きっとこの先に何かはある。その原因がしれないとまだまだ安心はできそうにない。
:ひゅるひゅる
:ひゅるひゅる
:ひゅるるーひゅるるー
:原因ってなに? やっぱ、モンスター?
:ひゅるひゅる?
:ひゅるひゅるって w
etc……
コメントがたくさん来ていた。
滝のように流れているが、やっぱり原因はみんな知りたい。
知らないままにするとモヤモヤしちゃうからだ。
「うーん、原因かー。アスムはなにか見当が付いてる?」
「まだ分からない。ダンジョンはなんでもありだから」
ダンジョンはなんでもありだ。
いつ何処でできるのか、如何してできるのか、なにがあるのか、まだまだ分からないことだらけ。
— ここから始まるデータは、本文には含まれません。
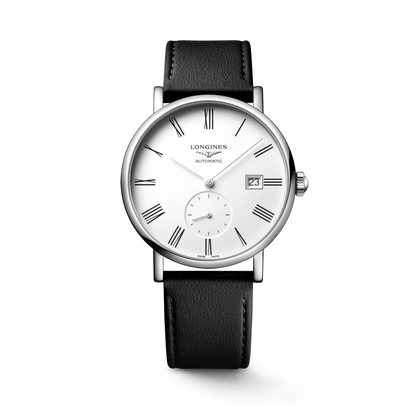 Longines Elegant Collection 39.00 mm White matt Stainless steel L48124110 L4.812.4.11.0 front view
気を引き締めてギュッと腕を掴むと、視線の先が急に眩しくなる。
何かあるのか。もしかしたらこの穴の最奥かもしれない。
となればこれは外から射し込む光だろう。
私とウルハちゃんは互いに顔を見合わせる。
少しだけ足早になると、光を目指して奥へと走る。
もしかしたらモンスターが待ち伏せをしているかもしれない。そうじゃなくても罠かもしれない。
様々な可能性が脳裏を渦巻く中、私とウルハちゃんはカメラドローンを引き連れて、無事に奥まで辿り着くことができそうだった。